Vero, nessun impianto termoelettrico a carbone sarà chiuso nell’immediato futuro come risultato di tale dichiarazione. L’obiettivo non farà alcuna differenza per le politiche ambientali dei Paesi, dal momento che, in ogni caso, sono per lo più in linea con questo obiettivo a lungo raggio. Dove invece le politiche non sono ancora in linea con l’obiettivo (alcuni Paesi hanno aumentato l’uso del carbone, per esempio) le nuove promesse non bloccheranno scelte diverse.

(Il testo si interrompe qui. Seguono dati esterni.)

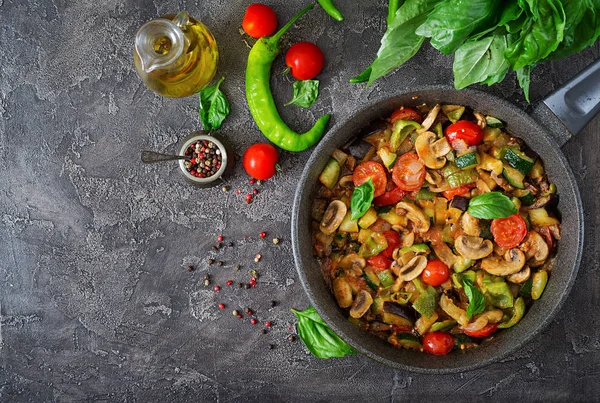 Forró Fűszeres Pörkölt Padlizsán Paprika Paradicsom Cukkini Gomba Lapos Feküdt — Stock Fotó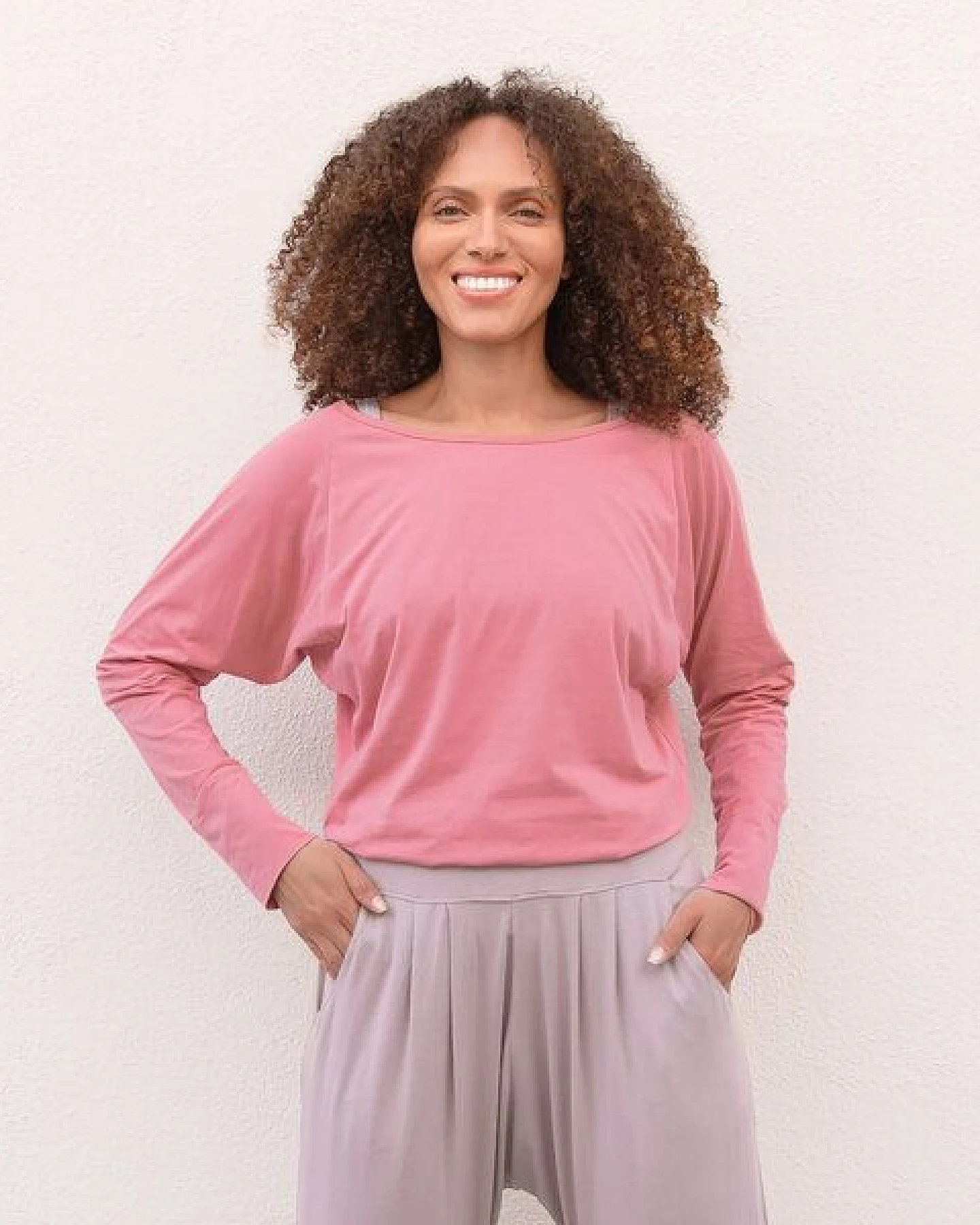 Jaya YANTI - Damen - Longsleeve für Yoga und Freizeit aus Biobaumwolle – Ansicht 2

Tuttavia, l’annuncio è importante per tre motivi. Per cominciare, per la prima volta, si adotta ufficialmente la logica della piena decarbonizzazione. Questa logica funziona più o meno così. Quando le temperature globali erano più o meno stabili, prima dell’industrializzazione, l’atmosfera conteneva circa 280 parti per milione (ppm) di anidride carbonica. La maggior parte degli scienziati pensa che, se l’obiettivo della politica di limitare il riscaldamento globale a 2°C deve essere raggiunto, le concentrazioni di carbonio dovranno essere tenute sotto, ad un livello di circa 400 ppm. Tale livello è già stato superato: l’ultima lettura fatta dall’Osservatorio di Mauna Loa (fonte delle misure più affidabili) era 404 ppm in maggio.

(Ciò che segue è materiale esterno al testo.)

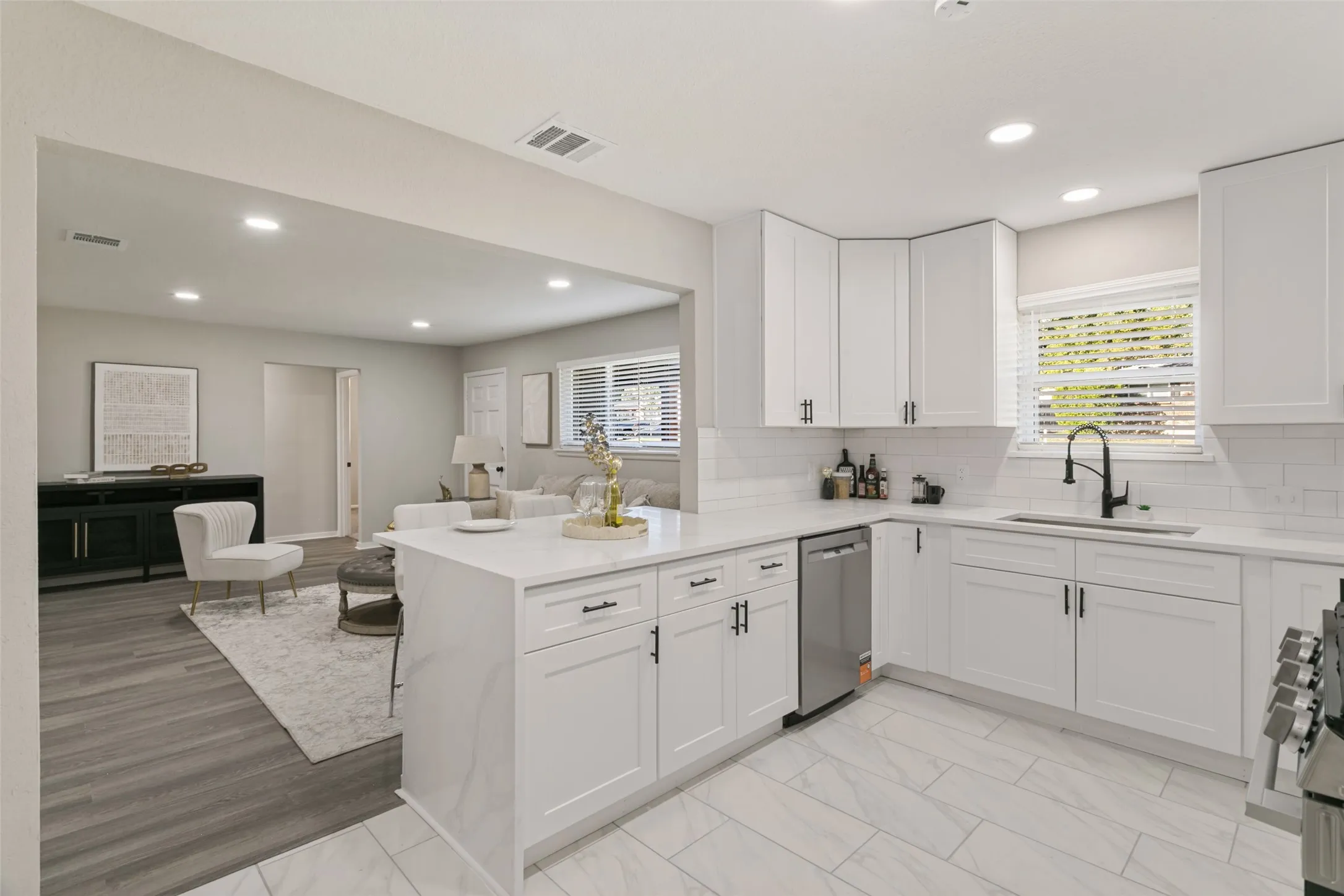 Single Family Residence For Sale in Tarrant County , 1124 Norwood Drive, Hurst, Texas 76053, 3 Bedroom, 2 Bathroom, 2 Garage spaces, 1,546 Sqft, built in 1959, mls#21408075, Real Estate Agent in Hurst, Homes For Sale in Tarrant county, Homes For Sale in Hurst, Realtor in Hurst Texas, Real Estate Brokerage Independent Realty Texas, Luminita Cordes Realtor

Per di più, le concentrazioni sono in aumento. Molti modelli climatici stimano che entro la seconda metà di questo secolo, il livello potrebbe aver raggiunto le 600ppm, una concentrazione che sarebbe coerente con 4°C o 5°C di aumento del riscaldamento globale. Poiché il carbonio impiega migliaia di anni per abbandonare l’atmosfera, l’unico modo di far rientrare le concentrazioni entro un tempo ragionevole è di abbattere drasticamente le emissioni di gas serra –magari a zero, magari anche a meno (ad esempio, il carbone dovrà essere eliminato dall’atmosfera e bandito). Quindi, se l’obiettivo di mantenere il riscaldamento globale a 2°C è ancora da prendere sul serio (un grande se), allora la decarbonizzazione può essere l’unico modo per mantenere le concentrazioni globali di carbonio entro certi limiti.